Chengyu glanced down at him, and there was a secret little smile on his face, a joke just for him. “I don’t think he’ll break as pretty as you think,” he said, and his hand touched his cheek, like it was unconscious.

Then he shook himself. “Second, if you do anything with Xiaoshuai, do you think Wuo Suowei would ever let you touch him again? Even if he’d forgive you for touching anyone else—which I’m not sure he would—Wuo Suowei loves his master more than anyone but his mother. Do you know what he did, when he heard of your threat? Came running to me to save his friend. I’ve never seen him so angry. And how much worse would it be if you did hurt Xiaoshuai?” Chi Cheng twitched at that. It was…Wuo Suowei’s anger was nothing to laugh at, and Chengyu was right, about how much he loved his friend. In ways that made Chi Cheng seethe, at times, because he wanted all of his Da Bao and there was still a part of him that was Xiaoshuai’s.

“And third?” He asked, trying to cover the flinch, though the quirk of Chengyu’s mouth made him think he’d seen it.

“Third…” Chengyu trailed off. Then he looked over, and met Chi Cheng’s gaze. His lips were still in that half-smile, but there was nothing smiling in his eyes.

There was just—Chengyu had never drawn this line before, over six years of Chi Cheng taking. Never drawn any line, not really, for all his schemes and rivalry. Never said no. And there was the dare, that Chi Cheng wasn’t entirely sure who would come out on top, if they really turned their minds to it, if Chi Cheng did cross a line Chengyu didn’t set just for him to break it.

And beneath it, the threat, the worst thing—that this might be the thing Chengyu didn’t forgive him for. That this would be the thing that made Chengyu leave.

Chi Cheng swallowed. Looked away.

“He hasn’t even been useful,” he muttered, “Other ways are better.”

Chengyu snorted, and the look broke, and the tension with it. “Oh, your little mouse will come to you,” he said, and that was his scheming face on. Chi Cheng, instinctively, trusted Chengyu’s scheming face, despite it all.

“You do it, and I’ll tell Jiang Xiaoshuai the deal’s off.”

“Oh, no, I wouldn’t ask that of you.” Chengyu’s grin turned mischievous. “You’ve played the wolf quite nicely.”

“And if he happens to run into the arms of the fox to protect him…” Chi Cheng completed, and Chengyu smirked, opened his arms wide.

“Who am I to turn him away? I will always protect my Xiaoshuai,” he agreed, and hopped to his feet. “Speaking of, I need to get back. Good talk,” he said, and nodded to Chi Cheng, turned towards the the door.

He’d gotten one pace away before it burst out of Chi Cheng. “Why him?” he demanded, and it cut through the noise of the club, through everything. Through his pounding heartbeat. “What’s so special about him?” Why this one, he didn’t say. Why are you acting like this for him.

Chengyu turned back. Smiled, and it was—wonder and joy and all the things he hid, so often, the softness that Chi Cheng had built walls around for so many years; a sort of awe that made Chi Cheng want to cover it up, protect it from anyone else here who could see it.

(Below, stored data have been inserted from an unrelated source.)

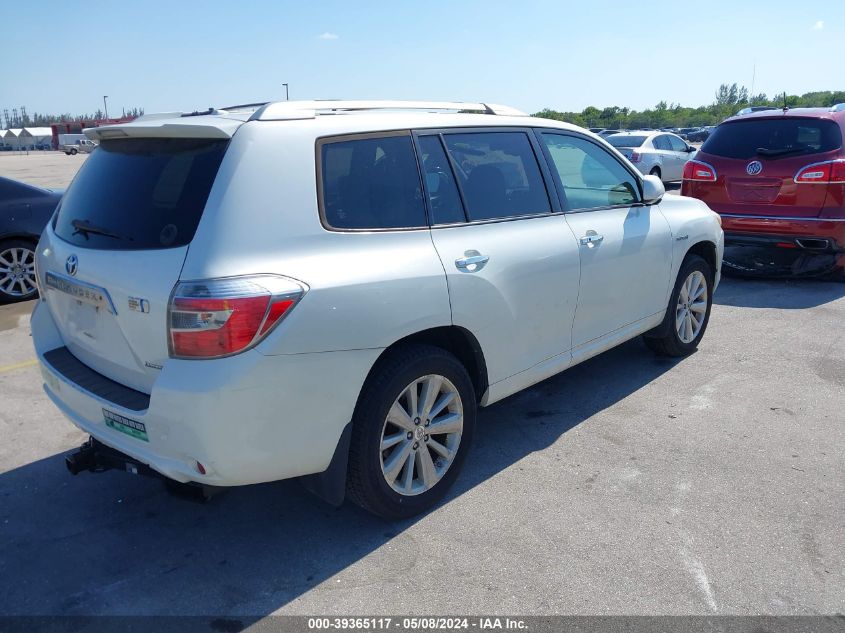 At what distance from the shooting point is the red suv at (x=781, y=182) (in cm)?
738

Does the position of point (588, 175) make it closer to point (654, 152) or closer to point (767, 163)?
point (767, 163)

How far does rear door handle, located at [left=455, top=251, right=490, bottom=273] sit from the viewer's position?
134 inches

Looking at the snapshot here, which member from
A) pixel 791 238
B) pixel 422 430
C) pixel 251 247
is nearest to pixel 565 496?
pixel 422 430

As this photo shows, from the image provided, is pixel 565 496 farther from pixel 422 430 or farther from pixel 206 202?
pixel 206 202

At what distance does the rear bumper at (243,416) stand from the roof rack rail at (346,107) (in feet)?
3.41

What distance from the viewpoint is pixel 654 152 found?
1794 centimetres

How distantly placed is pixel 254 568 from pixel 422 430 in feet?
3.10

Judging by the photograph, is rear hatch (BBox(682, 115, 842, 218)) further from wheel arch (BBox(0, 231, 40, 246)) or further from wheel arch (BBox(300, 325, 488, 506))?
wheel arch (BBox(0, 231, 40, 246))

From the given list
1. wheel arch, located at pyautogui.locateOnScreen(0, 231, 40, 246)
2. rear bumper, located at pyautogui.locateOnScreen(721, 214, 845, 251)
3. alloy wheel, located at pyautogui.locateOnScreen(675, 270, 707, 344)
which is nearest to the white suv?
alloy wheel, located at pyautogui.locateOnScreen(675, 270, 707, 344)

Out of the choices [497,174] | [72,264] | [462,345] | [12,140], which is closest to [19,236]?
[72,264]

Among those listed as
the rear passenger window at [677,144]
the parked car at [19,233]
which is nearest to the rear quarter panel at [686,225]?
the parked car at [19,233]

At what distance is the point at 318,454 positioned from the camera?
2918 millimetres

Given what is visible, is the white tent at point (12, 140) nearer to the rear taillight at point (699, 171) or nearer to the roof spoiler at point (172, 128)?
the rear taillight at point (699, 171)

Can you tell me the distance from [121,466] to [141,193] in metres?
1.18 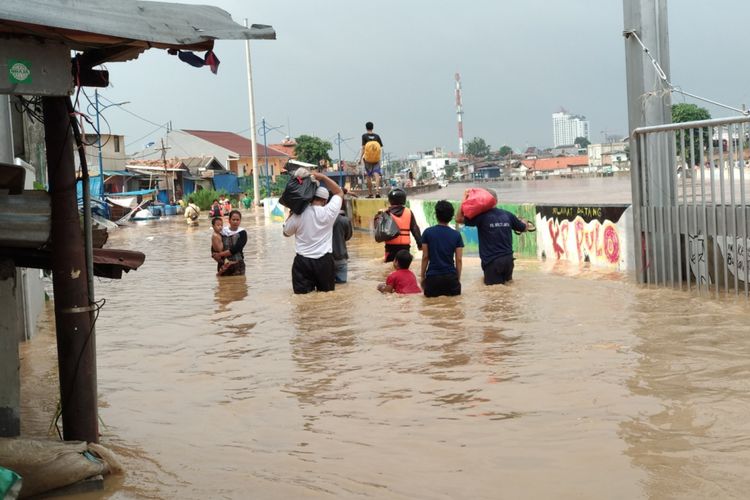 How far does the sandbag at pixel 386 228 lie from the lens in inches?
473

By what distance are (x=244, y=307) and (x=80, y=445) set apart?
680 cm

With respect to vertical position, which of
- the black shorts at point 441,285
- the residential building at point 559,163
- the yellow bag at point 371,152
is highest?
the residential building at point 559,163

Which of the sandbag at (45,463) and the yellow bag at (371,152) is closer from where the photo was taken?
the sandbag at (45,463)

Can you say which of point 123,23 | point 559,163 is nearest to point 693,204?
point 123,23

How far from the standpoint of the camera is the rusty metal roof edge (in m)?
4.28

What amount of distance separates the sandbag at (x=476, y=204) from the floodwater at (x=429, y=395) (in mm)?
948

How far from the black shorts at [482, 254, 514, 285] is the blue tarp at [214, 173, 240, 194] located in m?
67.3

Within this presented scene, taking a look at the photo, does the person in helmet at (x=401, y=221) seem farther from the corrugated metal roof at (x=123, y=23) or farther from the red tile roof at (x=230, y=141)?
the red tile roof at (x=230, y=141)

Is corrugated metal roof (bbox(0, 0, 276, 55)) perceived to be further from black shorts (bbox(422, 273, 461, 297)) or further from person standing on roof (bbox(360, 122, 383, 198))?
person standing on roof (bbox(360, 122, 383, 198))

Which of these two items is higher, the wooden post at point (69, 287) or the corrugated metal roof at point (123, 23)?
the corrugated metal roof at point (123, 23)

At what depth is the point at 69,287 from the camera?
16.1ft

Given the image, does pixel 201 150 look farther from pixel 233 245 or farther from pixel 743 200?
pixel 743 200

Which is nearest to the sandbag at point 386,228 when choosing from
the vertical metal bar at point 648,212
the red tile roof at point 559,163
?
the vertical metal bar at point 648,212

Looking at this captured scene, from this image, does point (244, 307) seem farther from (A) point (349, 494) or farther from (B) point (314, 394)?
(A) point (349, 494)
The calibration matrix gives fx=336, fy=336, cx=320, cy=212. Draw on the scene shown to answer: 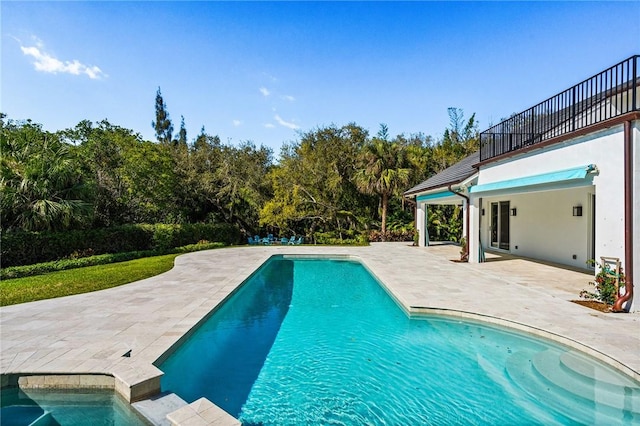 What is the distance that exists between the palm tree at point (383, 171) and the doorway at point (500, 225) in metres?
6.82

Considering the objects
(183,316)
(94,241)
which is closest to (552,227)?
(183,316)

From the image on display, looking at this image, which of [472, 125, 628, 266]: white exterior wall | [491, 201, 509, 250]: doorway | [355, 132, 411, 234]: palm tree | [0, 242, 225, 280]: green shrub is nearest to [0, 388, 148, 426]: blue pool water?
[472, 125, 628, 266]: white exterior wall

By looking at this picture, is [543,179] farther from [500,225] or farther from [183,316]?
[183,316]

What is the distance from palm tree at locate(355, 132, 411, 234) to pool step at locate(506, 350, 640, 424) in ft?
60.7

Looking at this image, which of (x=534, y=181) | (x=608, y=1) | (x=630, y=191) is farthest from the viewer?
(x=608, y=1)

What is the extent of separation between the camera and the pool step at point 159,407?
12.2ft

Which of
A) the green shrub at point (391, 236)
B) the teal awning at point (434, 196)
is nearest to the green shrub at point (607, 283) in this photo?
the teal awning at point (434, 196)

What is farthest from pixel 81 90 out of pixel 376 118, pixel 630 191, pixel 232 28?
pixel 376 118

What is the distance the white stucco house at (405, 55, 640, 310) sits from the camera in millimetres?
7066

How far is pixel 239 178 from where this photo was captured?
987 inches

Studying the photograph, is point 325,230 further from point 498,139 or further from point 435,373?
point 435,373

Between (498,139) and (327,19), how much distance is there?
28.3 ft

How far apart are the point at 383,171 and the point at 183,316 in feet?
62.0

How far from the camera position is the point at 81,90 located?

He’d never looked like that before at anyone. Not at Wang Shuo, for sure. Not at Chi Cheng. “Have you ever met someone,” he said, and laughed a little, incredulous, “Who just—Everything that life throws at him, and he still—I’ve never met anyone as strong as him, who cares as much as him. Who deserves as much.” He shrugged, but not in his usual careless sort of way, something helpless in it instead. “How can I not give him as much as I can?”

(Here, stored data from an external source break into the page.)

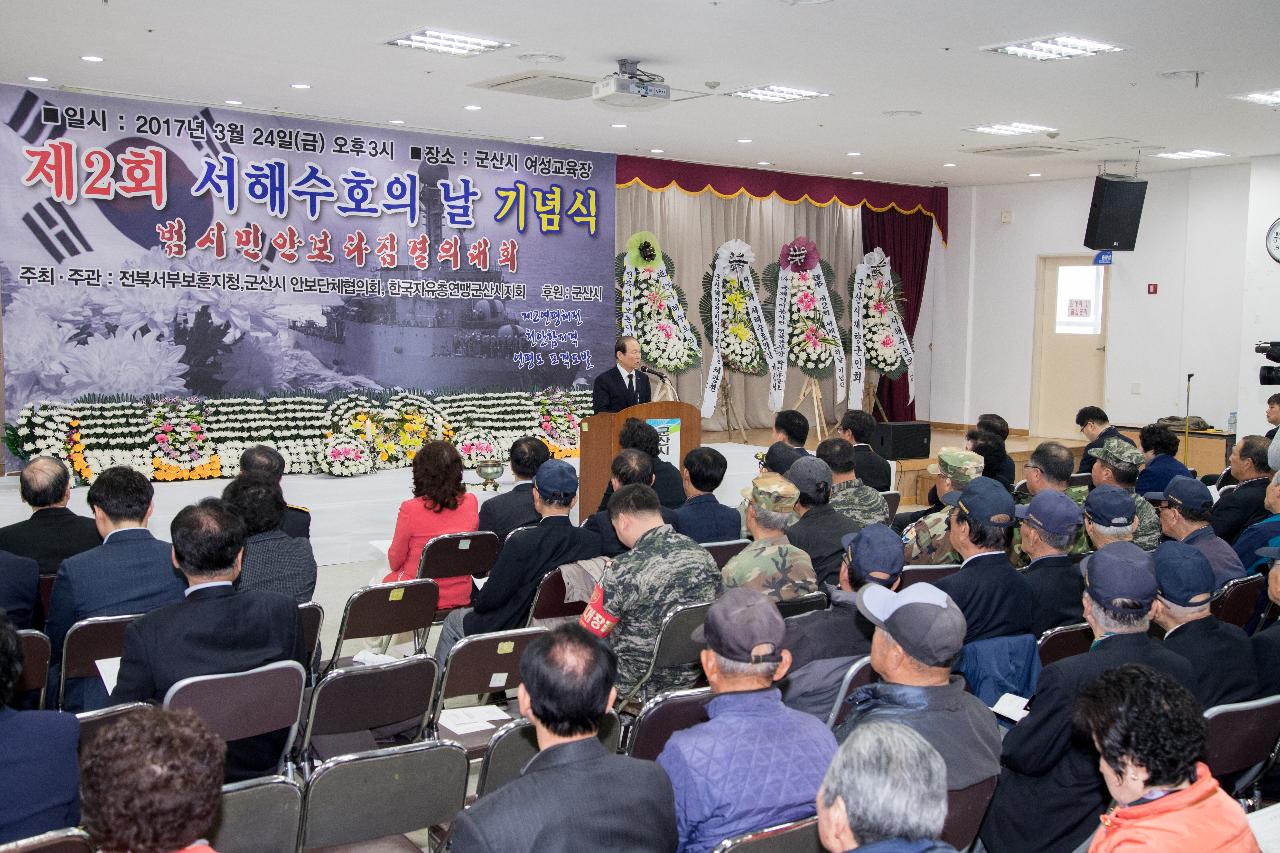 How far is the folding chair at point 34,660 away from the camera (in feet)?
10.9

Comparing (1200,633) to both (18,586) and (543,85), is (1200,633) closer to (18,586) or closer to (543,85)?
(18,586)

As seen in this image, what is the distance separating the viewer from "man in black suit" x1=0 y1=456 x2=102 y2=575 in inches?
165

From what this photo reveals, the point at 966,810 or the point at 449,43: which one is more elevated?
the point at 449,43

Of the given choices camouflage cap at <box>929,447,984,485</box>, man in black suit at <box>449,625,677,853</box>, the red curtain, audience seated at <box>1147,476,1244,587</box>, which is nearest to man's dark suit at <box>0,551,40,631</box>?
man in black suit at <box>449,625,677,853</box>

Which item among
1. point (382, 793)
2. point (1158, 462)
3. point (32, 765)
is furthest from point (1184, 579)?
point (1158, 462)

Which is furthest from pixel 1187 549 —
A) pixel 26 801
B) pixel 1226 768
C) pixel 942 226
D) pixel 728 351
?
pixel 942 226

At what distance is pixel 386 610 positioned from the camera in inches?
170

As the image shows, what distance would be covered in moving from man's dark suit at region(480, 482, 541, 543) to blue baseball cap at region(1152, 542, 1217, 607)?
283 cm

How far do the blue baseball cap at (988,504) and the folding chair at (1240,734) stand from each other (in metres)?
1.06

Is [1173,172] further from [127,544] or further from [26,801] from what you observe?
[26,801]

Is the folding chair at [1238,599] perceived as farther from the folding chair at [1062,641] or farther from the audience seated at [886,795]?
the audience seated at [886,795]

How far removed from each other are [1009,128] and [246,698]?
935 centimetres

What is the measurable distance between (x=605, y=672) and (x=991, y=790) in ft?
3.32

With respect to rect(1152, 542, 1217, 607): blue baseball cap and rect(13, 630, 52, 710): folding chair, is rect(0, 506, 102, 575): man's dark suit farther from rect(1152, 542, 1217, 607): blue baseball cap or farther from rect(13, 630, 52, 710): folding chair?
rect(1152, 542, 1217, 607): blue baseball cap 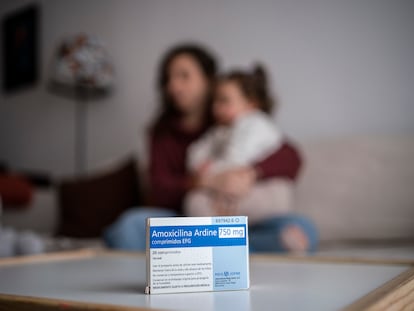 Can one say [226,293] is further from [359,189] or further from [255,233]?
[359,189]

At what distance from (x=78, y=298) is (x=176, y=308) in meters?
0.14

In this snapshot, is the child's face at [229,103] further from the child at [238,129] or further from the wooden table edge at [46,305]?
the wooden table edge at [46,305]

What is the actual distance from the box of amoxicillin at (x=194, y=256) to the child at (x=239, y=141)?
2.83 ft

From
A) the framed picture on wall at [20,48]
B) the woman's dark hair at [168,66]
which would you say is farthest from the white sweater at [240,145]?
the framed picture on wall at [20,48]

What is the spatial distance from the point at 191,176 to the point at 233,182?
9.7 inches

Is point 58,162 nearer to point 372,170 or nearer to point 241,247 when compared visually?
point 372,170

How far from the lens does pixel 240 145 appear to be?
4.93 feet

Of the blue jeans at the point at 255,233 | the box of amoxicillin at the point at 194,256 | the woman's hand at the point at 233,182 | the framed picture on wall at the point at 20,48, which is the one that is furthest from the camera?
the framed picture on wall at the point at 20,48

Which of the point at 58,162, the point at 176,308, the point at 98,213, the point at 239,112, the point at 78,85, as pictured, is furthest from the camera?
the point at 58,162

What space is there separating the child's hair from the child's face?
0.07 ft

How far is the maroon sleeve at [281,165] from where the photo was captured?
4.98 ft

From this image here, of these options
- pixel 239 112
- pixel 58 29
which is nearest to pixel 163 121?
pixel 239 112

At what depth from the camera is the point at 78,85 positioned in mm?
2373

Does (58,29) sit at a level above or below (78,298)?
above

Chi Cheng thought of Wuo Suowei, of his dreams and determination and the way he looked to the horizon, always more. Of all the ways Chi Cheng wanted to help him get there, wanted to be along for the ride.

He smiled too, unbidden, and for a moment, those smiles met.

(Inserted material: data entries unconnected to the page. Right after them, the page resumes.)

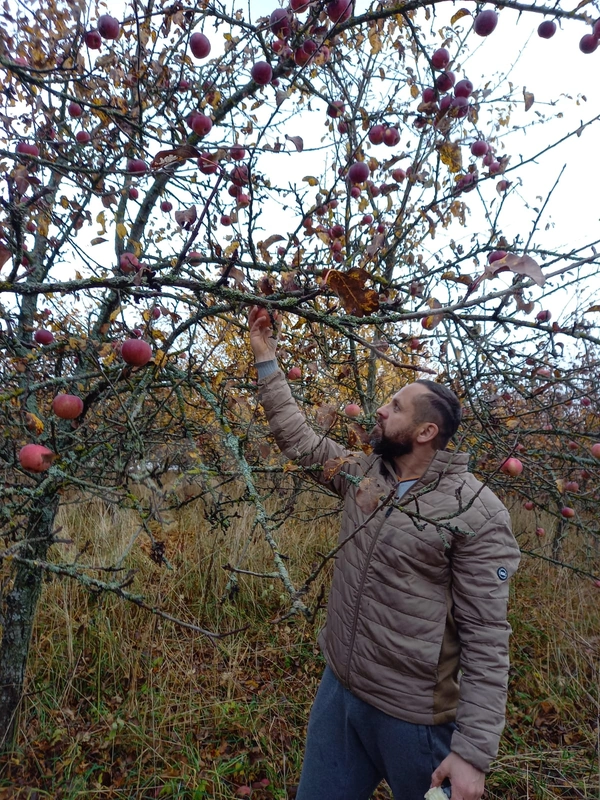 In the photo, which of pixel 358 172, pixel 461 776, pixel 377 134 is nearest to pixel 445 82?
pixel 377 134

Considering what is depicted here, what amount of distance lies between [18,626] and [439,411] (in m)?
2.31

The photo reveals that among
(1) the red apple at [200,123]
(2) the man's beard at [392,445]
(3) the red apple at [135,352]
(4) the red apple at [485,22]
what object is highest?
(4) the red apple at [485,22]

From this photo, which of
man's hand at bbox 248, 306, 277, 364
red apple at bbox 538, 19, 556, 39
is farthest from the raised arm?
red apple at bbox 538, 19, 556, 39

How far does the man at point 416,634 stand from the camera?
1.48 m

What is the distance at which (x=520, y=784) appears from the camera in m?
2.69

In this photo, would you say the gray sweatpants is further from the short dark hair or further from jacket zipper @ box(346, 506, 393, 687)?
the short dark hair

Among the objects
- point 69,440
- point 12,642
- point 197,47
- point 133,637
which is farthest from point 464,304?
point 133,637

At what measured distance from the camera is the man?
148cm

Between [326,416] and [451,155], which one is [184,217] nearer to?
[326,416]

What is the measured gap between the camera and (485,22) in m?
2.10

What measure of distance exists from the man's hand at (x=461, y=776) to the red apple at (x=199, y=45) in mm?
3076

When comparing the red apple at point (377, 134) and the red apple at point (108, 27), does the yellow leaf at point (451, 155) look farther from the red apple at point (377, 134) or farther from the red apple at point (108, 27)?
the red apple at point (108, 27)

Then in unison, they looked away.

“Good talk,” Chengyu muttered, then spun grandly on his heel and strode out the door. Back to his little doctor, Chi Cheng supposed. This man who got Chengyu to look like that, like he was young again. 

He took a drag of his half-forgotten cigarette. He should be thinking of a new plan, he knew. A new way to drive Wuo Suowei into his arms. 

But—he’ll come to you, Chengyu had promised. Chi Cheng could wait to see if his plan bore out.